Car il s'agit de la même plante : le chanvre. La principale différence entre le cannabis récréatif et le CBD, chanvre dit "bien-être" ou "cannabis light", est la contenance en tétrahydrocannabinol (THC), la molécule aux effets psychoactifs. Le seuil à ne pas dépasser en France est de 0,3% de THC.
"L'aspect réglementaire et juridique a freiné le développement du nombre de producteurs.
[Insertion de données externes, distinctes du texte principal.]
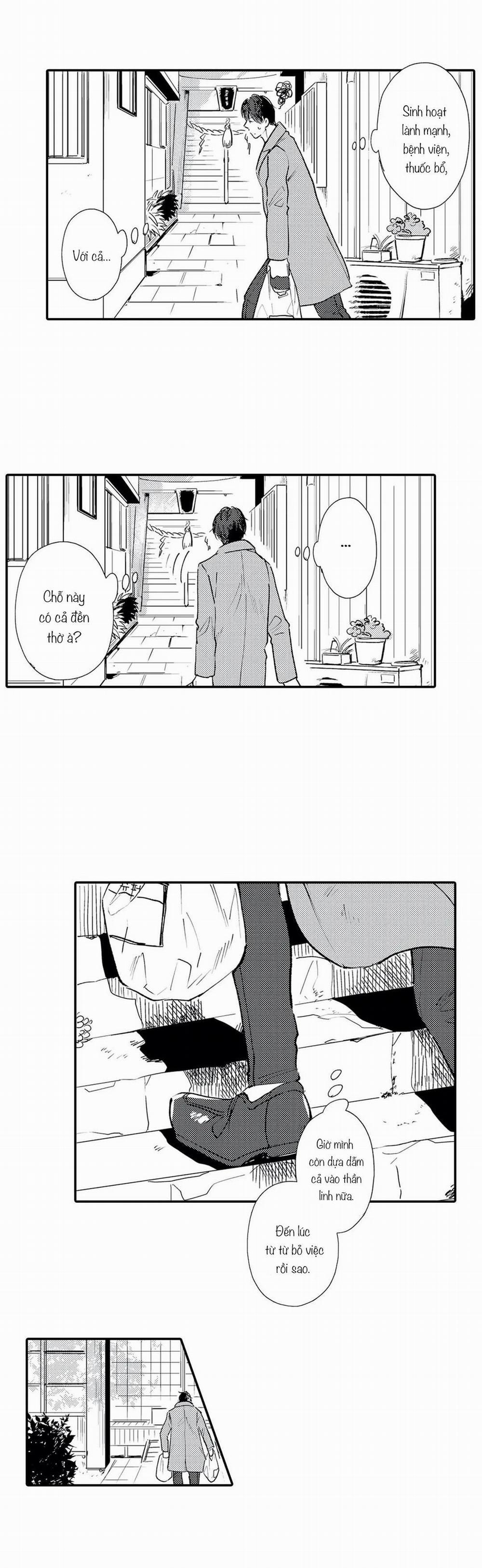 Sử Dụng Quyền Lực Thần Linh, Có Thể Không?! 1 trang 4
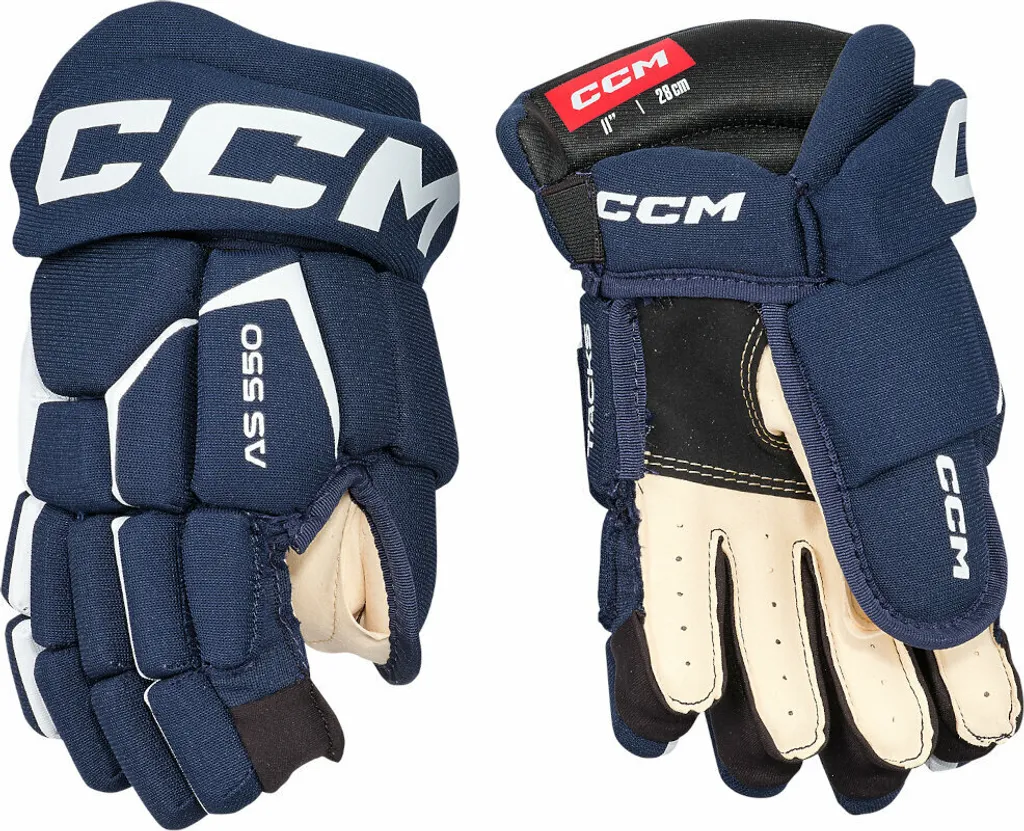 Gants CCM Tacks AS 580 JR 10 pouces avec paume renforcée Nash pro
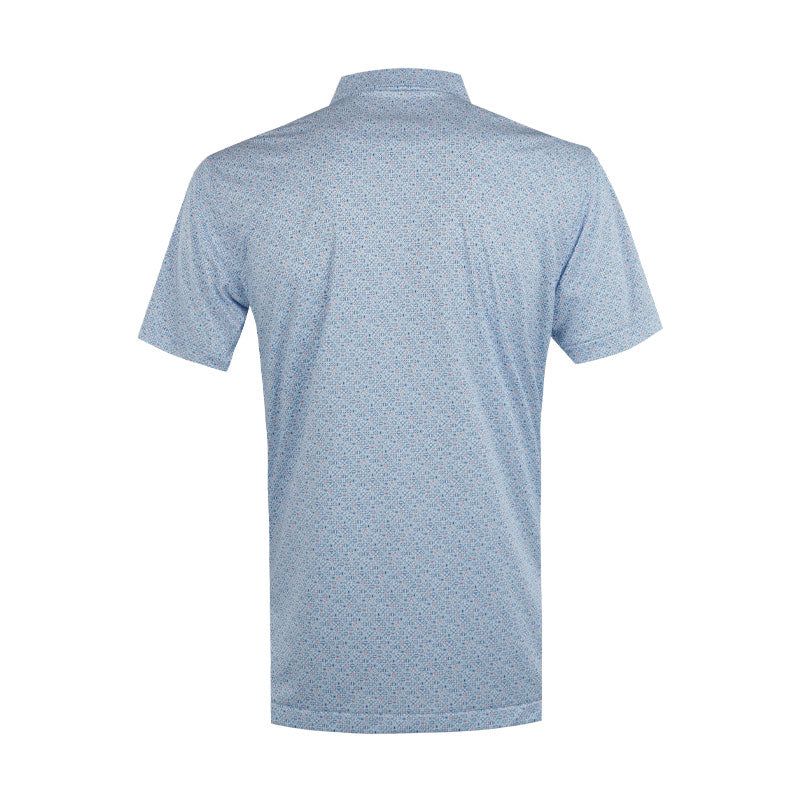 PETER MILLAR Featherweight Men's Polo (White)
Il faut comprendre que jusqu'en novembre 2020, les producteurs encouraient une peine pour trafic de stupéfiants", explique Aurélien Delecroix.
– "Le CBD a de beaux jours devant lui" –
Le point de bascule, selon lui, c'est "l'affaire Kanavape", une cigarette électronique avec une huile contenant du CBD, qui avait valu une condamnation à de la prison avec sursis à ses créateurs.
L'affaire remonte jusqu'à la Cour de justice de l'Union européenne, qui rend son arrêt en novembre 2020 : le CBD ne peut pas être considéré comme un stupéfiant, n'ayant "aucun effet psychotrope ni d'effet nocif sur la santé humaine".
La France, contrainte de respecter le principe de la libre circulation des biens et des services, ne peut donc pas interdire sa commercialisation.
"L'affaire Kanavape nous a remotivé et nous a donné de l'espoir", explique Jean-Marie Moëllo qui déplore néanmoins "les zones grises" concernant la législation du CBD. En décembre, la vente de fleurs a ainsi été interdite par le gouvernement avant d'être réautorisée par le Conseil d'État.
"C'est difficile de se projeter", dénonce le néo-agriculteur. "Je fais comme ça vient, mais si un jour la législation devient trop restrictive, je me remettrai dans les poids lourds, donc je suis plutôt +no stress+", poursuit-il.
"Pour l'instant, je suis dans mes droits et ça me fait plaisir de faire du bien aux gens", raconte M. Moëllo, qui cite parmi ses clients un homme qui n'a plus de migraine ophtalmique depuis qu'il consomme son CBD ou une femme qui souffre moins de son arthrose. "Je ne suis pas médecin, mais ça fait le boulot !", clame-t-il fièrement.
S'il reste prudent en attendant de voir comment la législation évolue, Jean-Marie Moëllo a bon espoir : "Quand on voit la conjoncture économique actuelle, quand on voit le nombre de maux dont souffrent les gens, je me dis que le CBD a de beaux jours devant lui."